_Problem requirements_
Find all the lines in the material below with the word "Pink", and copy them.

_Material provided_
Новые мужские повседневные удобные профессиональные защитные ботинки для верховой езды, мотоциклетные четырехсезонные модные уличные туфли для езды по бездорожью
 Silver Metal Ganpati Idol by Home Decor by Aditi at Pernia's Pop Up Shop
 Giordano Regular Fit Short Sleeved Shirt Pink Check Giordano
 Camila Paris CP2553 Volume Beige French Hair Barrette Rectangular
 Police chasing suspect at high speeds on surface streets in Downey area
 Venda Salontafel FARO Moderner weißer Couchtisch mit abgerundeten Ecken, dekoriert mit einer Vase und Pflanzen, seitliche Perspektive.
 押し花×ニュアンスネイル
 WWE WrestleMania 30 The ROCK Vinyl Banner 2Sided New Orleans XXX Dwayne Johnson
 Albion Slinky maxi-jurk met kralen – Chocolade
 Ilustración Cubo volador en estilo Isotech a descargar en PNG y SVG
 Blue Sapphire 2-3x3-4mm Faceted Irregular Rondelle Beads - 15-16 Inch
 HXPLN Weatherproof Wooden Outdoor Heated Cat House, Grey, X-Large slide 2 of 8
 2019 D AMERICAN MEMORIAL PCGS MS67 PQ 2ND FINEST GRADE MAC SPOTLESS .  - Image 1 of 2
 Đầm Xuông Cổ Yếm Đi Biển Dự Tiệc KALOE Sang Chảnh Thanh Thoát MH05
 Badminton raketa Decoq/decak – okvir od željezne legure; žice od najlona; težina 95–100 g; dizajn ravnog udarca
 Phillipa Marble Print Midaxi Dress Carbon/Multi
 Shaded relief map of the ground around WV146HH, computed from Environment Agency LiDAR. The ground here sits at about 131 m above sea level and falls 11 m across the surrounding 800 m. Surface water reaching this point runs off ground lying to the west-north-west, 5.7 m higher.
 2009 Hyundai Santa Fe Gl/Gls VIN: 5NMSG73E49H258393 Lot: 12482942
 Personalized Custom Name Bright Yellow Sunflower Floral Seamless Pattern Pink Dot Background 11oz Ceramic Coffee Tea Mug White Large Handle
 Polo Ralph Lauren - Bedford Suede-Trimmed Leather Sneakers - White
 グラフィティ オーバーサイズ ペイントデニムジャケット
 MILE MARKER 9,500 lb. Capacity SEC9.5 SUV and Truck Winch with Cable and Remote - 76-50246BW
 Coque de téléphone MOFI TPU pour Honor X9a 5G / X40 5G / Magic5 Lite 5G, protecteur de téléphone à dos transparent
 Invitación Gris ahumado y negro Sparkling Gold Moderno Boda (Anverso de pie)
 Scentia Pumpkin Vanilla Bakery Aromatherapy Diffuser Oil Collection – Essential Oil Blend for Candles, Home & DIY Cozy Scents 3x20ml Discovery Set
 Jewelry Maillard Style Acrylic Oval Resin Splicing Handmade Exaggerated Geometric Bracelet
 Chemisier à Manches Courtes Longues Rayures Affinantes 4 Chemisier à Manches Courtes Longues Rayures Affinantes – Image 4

_Exercise result_
 Giordano Regular Fit Short Sleeved Shirt Pink Check Giordano
 Personalized Custom Name Bright Yellow Sunflower Floral Seamless Pattern Pink Dot Background 11oz Ceramic Coffee Tea Mug White Large Handle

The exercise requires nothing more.